Exercise requirements: What is the number of lines in the data holding the word "they"? Give that number by itself.

____

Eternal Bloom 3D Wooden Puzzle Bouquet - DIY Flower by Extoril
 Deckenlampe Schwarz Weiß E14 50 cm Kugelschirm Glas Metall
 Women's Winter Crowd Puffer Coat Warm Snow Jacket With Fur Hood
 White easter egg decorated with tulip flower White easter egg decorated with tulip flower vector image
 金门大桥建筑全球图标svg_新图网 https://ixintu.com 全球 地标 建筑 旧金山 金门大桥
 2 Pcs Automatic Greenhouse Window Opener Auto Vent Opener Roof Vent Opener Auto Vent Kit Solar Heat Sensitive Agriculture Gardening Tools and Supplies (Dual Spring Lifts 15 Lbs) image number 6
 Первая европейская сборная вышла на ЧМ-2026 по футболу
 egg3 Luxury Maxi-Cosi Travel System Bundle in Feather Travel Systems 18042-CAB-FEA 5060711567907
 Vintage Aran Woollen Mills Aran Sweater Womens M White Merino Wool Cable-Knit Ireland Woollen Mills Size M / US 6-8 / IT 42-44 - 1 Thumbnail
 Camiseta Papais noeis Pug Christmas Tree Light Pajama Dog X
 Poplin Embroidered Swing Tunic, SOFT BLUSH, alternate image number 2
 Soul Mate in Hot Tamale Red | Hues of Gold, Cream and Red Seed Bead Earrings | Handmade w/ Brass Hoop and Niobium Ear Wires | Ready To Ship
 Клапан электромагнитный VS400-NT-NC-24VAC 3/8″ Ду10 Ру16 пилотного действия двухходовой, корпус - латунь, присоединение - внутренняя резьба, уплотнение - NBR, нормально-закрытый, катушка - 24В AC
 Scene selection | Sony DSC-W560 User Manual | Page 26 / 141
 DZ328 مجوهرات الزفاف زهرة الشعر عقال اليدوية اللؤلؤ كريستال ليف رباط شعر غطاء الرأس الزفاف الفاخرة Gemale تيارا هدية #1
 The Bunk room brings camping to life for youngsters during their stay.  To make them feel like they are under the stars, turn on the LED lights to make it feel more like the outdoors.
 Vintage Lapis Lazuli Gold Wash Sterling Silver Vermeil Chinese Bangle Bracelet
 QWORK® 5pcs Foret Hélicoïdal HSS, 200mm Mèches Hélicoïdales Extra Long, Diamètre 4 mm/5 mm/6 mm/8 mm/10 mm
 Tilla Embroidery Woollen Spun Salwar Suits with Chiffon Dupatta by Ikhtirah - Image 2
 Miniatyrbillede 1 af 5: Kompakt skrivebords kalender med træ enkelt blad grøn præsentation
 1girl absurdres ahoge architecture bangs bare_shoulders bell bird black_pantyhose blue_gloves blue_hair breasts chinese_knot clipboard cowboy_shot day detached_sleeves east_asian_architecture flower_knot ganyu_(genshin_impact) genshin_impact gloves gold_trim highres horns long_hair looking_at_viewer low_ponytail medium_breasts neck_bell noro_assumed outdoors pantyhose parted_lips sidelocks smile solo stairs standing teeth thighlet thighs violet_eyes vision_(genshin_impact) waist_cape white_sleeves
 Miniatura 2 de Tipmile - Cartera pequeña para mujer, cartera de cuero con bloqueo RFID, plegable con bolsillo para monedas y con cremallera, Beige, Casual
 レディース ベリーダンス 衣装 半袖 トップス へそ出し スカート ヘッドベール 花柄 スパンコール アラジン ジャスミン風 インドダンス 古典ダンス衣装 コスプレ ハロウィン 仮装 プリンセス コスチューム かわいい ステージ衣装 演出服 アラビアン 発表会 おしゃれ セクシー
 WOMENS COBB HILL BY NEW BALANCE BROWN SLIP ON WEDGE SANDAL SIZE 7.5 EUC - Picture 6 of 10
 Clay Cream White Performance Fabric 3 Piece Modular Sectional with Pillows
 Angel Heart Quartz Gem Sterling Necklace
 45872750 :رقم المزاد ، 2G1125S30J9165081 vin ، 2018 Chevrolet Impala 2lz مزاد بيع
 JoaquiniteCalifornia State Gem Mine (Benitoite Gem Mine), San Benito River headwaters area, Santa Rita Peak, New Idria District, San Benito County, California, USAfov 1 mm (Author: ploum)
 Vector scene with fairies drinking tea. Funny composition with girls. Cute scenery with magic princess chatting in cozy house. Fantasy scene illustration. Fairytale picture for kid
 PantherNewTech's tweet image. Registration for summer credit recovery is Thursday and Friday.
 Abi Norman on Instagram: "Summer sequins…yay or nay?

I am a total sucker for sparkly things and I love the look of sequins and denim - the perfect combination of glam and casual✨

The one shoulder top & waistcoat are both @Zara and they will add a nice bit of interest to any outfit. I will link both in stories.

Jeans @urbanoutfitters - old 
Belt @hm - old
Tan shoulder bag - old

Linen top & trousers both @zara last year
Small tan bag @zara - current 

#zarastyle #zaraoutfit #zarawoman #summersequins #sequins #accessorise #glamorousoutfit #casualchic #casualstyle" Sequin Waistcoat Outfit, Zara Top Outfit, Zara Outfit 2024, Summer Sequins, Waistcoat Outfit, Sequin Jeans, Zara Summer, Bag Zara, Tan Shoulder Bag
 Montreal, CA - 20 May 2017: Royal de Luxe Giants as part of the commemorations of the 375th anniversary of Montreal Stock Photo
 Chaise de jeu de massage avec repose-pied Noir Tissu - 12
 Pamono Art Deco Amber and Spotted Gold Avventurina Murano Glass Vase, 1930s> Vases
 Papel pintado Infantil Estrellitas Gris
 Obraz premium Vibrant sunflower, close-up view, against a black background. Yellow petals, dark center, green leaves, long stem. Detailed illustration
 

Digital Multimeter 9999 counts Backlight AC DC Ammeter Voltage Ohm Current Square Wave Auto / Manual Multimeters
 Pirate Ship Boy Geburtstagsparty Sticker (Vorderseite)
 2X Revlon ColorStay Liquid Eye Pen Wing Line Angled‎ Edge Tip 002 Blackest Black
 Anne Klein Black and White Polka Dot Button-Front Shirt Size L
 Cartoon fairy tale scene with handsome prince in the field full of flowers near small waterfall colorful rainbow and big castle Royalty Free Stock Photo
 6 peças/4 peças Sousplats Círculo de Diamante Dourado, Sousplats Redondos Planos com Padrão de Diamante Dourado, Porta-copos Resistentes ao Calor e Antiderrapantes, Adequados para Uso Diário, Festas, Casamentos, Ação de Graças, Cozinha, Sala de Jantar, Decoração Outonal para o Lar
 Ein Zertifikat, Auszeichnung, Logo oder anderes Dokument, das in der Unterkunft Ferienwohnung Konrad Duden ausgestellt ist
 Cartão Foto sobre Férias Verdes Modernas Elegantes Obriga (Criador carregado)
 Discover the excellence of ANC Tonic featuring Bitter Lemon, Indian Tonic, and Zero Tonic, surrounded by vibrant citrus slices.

____

Exercise answer: 2